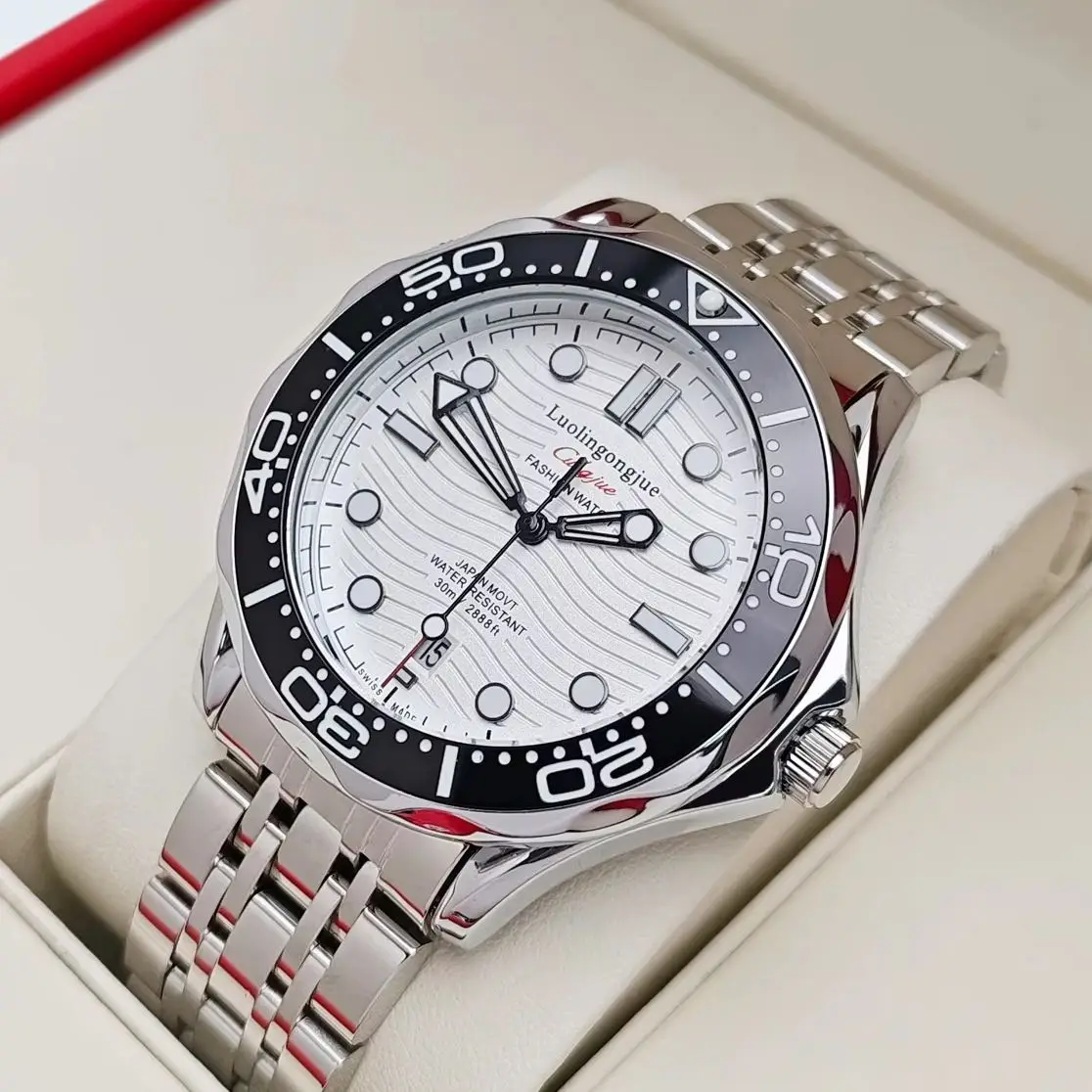 

European and American Style Seahorse Series Business Men's Mechanical Watch, Skeleton Design, Stainless Steel Strap, High-End Luxury Diver's Watch for Men, Fully Automatic Mechanical Watch, Fashionable Casual Versatile Personality Social Guy Watch for Men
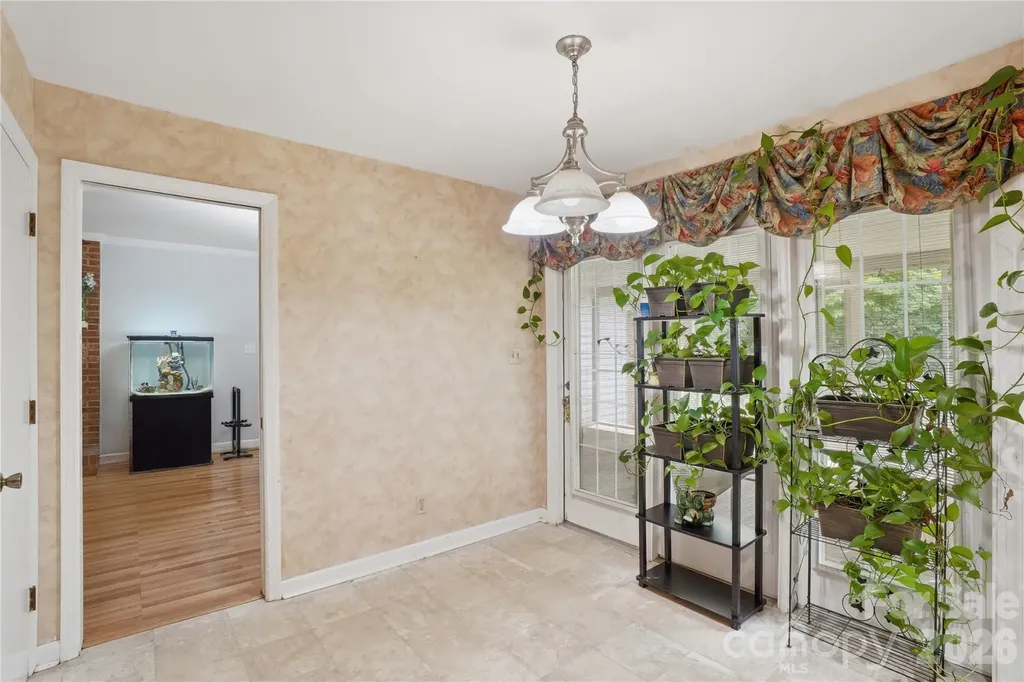 6419 Pencade Lane Charlotte NC 28215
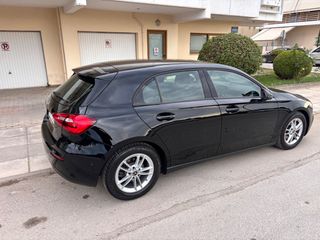 Mercedes-Benz A 160 2020-thumb-6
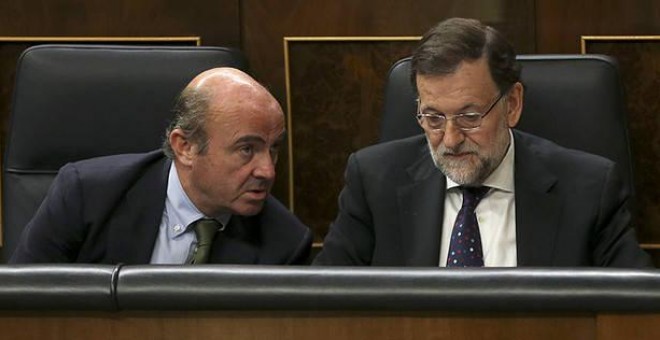 Luis De Guindos y Mariano Rajoy, en una imagen de archivo. EFE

◆ Brief ◆
Find the line with "6419 Pencade Lane Charlotte NC 28215" in the listing above, then write it out along with every later line through the last one, exactly, omitting pictures.

◆ Solution for this task ◆
 6419 Pencade Lane Charlotte NC 28215
 Mercedes-Benz A 160 2020-thumb-6
 Luis De Guindos y Mariano Rajoy, en una imagen de archivo. EFE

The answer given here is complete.